Closed jdelgad closed 8 years ago
nginx -V
nginx version: nginx/1.9.12
built by gcc 4.8.5 20150623 (Red Hat 4.8.5-4) (GCC)
built with OpenSSL 1.0.1e-fips 11 Feb 2013
TLS SNI support enabled
configure arguments:
--prefix=/usr/share/nginx
--sbin-path=/usr/sbin/nginx
--conf-path=/etc/nginx/nginx.conf
--error-log-path=/var/log/nginx/error.log
--http-log-path=/var/log/nginx/access.log
--http-client-body-temp-path=/var/lib/nginx/tmp/client_body
--http-proxy-temp-path=/var/lib/nginx/tmp/proxy
--http-fastcgi-temp-path=/var/lib/nginx/tmp/fastcgi
--http-uwsgi-temp-path=/var/lib/nginx/tmp/uwsgi
--http-scgi-temp-path=/var/lib/nginx/tmp/scgi
--pid-path=/run/nginx.pid
--lock-path=/run/lock/subsys/nginx
--user=nginx --group=nginx
--with-file-aio
--with-ipv6
--with-http_ssl_module
--with-http_realip_module
--with-http_addition_module
--with-http_xslt_module
--with-http_image_filter_module
--with-http_geoip_module
--with-http_sub_module
--with-http_dav_module
--with-http_flv_module
--with-http_mp4_module
--with-http_gunzip_module
--with-http_gzip_static_module
--with-http_random_index_module
--with-http_secure_link_module
--with-http_degradation_module
--with-http_stub_status_module
--with-http_perl_module
--with-mail --with-mail_ssl_module
--with-pcre
--with-pcre-jit
--with-google_perftools_module
--with-debug
--with-cc-opt='-O2 -g -pipe -Wall -Wp,-D_FORTIFY_SOURCE=2 -fexceptions -fstack-protector-strong --param=ssp-buffer-size=4 -grecord-gcc-switches -specs=/usr/lib/rpm/redhat/redhat-hardened-cc1 -m64 -mtune=generic'
--with-ld-opt='-Wl,-z,relro -specs=/usr/lib/rpm/redhat/redhat-hardened-ld -Wl,-E'
--with-http_v2_module
--add-module=/home/admin/ngx_pagespeed-release-1.10.33.5-beta
--with-debug
@jdelgad This should be fixed on trunk-tracking via these commits:
https://github.com/pagespeed/ngx_pagespeed/commit/b88e067c6d8173112d586fcdfe8d664c1226a00d https://github.com/pagespeed/ngx_pagespeed/commit/60c1f4cc4e58493be12e2c5861a5eb6aafb752c6
You could try cherry-picking them, it looks like they are not included in 1.10.33.5-beta
Thanks for the quick reply @oschaaf. I'm trying to get this built. I'll let you know within a few days if everything is working.

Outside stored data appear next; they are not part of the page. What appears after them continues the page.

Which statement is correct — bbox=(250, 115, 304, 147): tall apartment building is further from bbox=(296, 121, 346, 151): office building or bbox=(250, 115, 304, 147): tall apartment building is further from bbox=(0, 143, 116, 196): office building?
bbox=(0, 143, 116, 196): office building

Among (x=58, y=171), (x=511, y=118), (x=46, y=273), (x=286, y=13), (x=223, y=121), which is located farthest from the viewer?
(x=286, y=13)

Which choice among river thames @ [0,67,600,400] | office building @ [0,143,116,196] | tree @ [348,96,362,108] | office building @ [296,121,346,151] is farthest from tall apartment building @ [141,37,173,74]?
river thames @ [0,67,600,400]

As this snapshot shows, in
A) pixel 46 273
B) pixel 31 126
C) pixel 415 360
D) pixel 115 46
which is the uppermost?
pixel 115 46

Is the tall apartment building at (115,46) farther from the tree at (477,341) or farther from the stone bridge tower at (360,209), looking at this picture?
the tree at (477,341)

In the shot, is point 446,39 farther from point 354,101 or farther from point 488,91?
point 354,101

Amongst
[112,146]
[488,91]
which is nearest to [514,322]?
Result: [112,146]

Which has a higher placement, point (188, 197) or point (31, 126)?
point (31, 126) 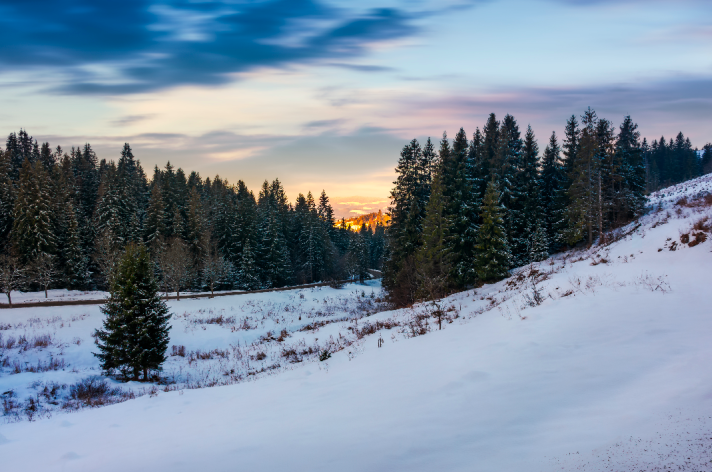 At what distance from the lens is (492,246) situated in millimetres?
30047

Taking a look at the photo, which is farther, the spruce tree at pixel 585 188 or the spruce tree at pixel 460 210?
the spruce tree at pixel 585 188

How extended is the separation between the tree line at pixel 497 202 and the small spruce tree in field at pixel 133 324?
1785cm

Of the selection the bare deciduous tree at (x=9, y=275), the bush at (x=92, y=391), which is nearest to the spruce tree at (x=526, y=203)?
the bush at (x=92, y=391)

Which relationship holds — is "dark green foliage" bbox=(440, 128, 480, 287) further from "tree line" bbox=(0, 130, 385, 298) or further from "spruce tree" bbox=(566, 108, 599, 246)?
"tree line" bbox=(0, 130, 385, 298)

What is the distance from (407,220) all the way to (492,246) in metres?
8.92

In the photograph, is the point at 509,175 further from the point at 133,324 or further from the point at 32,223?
the point at 32,223

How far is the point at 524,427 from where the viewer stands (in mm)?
4871

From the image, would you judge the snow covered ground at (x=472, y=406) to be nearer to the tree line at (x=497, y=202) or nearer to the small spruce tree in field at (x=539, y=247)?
the tree line at (x=497, y=202)

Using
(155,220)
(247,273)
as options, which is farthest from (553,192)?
(155,220)

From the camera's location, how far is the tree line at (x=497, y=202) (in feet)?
101

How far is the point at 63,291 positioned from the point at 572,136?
6616 centimetres

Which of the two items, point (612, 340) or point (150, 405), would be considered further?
point (150, 405)

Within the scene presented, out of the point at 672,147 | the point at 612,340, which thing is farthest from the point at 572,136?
the point at 672,147

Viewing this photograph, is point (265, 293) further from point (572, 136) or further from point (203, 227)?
point (572, 136) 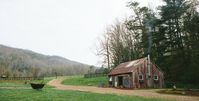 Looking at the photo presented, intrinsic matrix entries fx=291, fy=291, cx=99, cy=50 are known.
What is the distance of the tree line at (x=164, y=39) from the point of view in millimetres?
44938

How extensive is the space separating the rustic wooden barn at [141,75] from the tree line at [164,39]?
2.89m

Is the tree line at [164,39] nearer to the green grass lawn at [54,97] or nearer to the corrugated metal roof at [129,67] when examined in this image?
the corrugated metal roof at [129,67]

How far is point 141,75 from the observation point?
45.7 m

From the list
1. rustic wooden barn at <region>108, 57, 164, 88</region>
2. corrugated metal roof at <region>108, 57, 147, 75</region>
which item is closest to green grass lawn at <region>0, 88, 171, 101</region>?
rustic wooden barn at <region>108, 57, 164, 88</region>

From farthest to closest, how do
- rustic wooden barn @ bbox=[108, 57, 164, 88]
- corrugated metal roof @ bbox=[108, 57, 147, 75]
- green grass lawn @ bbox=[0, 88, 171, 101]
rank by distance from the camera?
corrugated metal roof @ bbox=[108, 57, 147, 75] < rustic wooden barn @ bbox=[108, 57, 164, 88] < green grass lawn @ bbox=[0, 88, 171, 101]

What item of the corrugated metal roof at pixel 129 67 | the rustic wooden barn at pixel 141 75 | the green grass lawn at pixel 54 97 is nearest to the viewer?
the green grass lawn at pixel 54 97

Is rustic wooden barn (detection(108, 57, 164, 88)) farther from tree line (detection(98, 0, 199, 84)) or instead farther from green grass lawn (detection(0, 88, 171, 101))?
green grass lawn (detection(0, 88, 171, 101))

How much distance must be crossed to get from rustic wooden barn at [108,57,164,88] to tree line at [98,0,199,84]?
2.89m

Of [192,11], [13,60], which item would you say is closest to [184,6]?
[192,11]

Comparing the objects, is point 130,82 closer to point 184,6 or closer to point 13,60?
point 184,6

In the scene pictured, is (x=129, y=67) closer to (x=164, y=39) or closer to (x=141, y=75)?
(x=141, y=75)

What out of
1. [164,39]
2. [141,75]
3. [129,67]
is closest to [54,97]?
[141,75]

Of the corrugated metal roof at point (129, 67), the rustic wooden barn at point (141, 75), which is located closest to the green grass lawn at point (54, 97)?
the rustic wooden barn at point (141, 75)

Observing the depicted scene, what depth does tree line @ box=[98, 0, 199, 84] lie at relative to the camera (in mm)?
44938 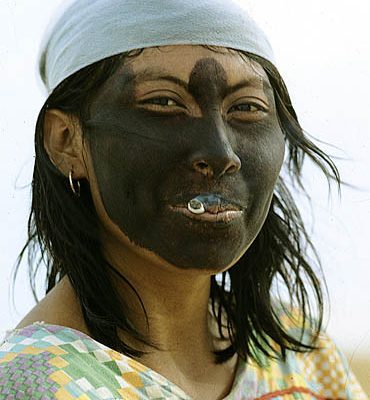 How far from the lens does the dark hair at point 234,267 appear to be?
2.41 m

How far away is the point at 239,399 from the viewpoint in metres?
2.51

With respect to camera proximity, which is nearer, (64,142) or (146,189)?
(146,189)

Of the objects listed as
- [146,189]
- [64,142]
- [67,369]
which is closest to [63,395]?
[67,369]

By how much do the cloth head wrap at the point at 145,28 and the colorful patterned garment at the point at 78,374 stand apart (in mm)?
577

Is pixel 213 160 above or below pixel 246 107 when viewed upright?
below

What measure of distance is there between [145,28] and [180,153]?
0.29 m

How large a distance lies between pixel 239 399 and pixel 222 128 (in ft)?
2.05

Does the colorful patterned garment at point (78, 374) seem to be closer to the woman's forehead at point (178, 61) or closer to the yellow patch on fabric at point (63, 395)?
the yellow patch on fabric at point (63, 395)

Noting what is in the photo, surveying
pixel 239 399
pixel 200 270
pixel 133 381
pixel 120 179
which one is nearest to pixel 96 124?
pixel 120 179

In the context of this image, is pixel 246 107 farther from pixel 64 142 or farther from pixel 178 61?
pixel 64 142

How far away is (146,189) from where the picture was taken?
2.29 metres

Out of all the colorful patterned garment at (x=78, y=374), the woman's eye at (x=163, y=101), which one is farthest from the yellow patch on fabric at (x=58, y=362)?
the woman's eye at (x=163, y=101)

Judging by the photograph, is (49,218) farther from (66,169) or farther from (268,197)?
(268,197)

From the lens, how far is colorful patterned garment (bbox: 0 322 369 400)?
2.12m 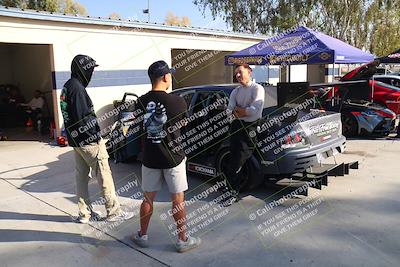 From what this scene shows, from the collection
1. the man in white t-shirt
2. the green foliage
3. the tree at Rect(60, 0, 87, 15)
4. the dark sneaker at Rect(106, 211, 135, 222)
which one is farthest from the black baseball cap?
the tree at Rect(60, 0, 87, 15)

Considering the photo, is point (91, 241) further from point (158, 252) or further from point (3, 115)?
point (3, 115)

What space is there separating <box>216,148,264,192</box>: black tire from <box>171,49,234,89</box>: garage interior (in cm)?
1092

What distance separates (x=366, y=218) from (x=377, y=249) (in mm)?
794

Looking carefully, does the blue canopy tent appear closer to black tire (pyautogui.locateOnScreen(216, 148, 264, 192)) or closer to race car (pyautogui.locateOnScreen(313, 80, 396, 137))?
race car (pyautogui.locateOnScreen(313, 80, 396, 137))

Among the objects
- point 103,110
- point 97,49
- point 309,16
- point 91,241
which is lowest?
point 91,241

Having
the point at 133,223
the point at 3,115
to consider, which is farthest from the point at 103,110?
the point at 133,223

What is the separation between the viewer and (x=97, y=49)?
1023cm

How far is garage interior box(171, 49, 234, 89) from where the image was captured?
16.4 metres

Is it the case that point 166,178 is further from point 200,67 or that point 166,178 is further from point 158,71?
point 200,67

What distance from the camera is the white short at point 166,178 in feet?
12.3

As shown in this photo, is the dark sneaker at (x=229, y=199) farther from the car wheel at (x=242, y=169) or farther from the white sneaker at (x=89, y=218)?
the white sneaker at (x=89, y=218)

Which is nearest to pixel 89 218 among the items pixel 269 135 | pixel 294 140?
pixel 269 135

Are there plans to get this into 6-beta?
I'm getting these errors. It ended up filling up my partitions to 100%. I had to turn it off again.

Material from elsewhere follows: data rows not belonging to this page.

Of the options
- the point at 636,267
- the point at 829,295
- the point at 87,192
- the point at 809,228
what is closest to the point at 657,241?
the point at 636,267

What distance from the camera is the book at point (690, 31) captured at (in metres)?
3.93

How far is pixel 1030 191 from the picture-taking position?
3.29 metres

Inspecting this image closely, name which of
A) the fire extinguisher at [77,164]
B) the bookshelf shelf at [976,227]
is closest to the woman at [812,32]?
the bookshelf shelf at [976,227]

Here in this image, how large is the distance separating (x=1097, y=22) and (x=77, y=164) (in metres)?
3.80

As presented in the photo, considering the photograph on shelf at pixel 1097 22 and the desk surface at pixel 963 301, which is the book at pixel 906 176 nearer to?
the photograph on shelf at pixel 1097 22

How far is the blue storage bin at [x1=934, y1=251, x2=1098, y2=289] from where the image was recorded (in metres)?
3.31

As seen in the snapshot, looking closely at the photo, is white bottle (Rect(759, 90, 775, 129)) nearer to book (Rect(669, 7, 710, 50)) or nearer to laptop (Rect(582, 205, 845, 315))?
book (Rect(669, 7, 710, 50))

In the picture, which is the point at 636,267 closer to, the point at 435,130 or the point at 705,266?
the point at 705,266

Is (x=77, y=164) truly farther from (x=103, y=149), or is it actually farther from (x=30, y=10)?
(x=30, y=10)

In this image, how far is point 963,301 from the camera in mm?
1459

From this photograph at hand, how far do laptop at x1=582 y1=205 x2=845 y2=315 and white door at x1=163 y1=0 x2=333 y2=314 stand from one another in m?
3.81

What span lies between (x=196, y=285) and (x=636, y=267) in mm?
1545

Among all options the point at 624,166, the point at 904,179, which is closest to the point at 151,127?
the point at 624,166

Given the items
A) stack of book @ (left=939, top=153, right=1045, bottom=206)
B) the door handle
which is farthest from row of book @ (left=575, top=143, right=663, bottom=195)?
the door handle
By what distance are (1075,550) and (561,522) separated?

#0 net_instaweb::NgxBaseFetch::ReadCallback (data=...) at /home/admin/ngx_pagespeed/src/ngx_base_fetch.cc:143
#1 0x0000564350c6c680 in net_instaweb::NgxEventConnection::ReadAndNotify (fd=20)
at /home/admin/ngx_pagespeed/src/ngx_event_connection.cc:122
#2 0x0000564350c6c739 in net_instaweb::NgxEventConnection::ReadEventHandler (ev=0x564352d5eec0)
at /home/admin/ngx_pagespeed/src/ngx_event_connection.cc:83
#3 0x0000564350be0951 in ngx_epoll_process_events (cycle=0x564352aab350, timer=<optimized out>,
flags=<optimized out>) at src/event/modules/ngx_epoll_module.c:822
#4 0x0000564350bd6c9a in ngx_process_events_and_timers (cycle=cycle@entry=0x564352aab350)
at src/event/ngx_event.c:242
#5 0x0000564350bddf85 in ngx_worker_process_cycle (cycle=cycle@entry=0x564352aab350, data=data@entry=0x1)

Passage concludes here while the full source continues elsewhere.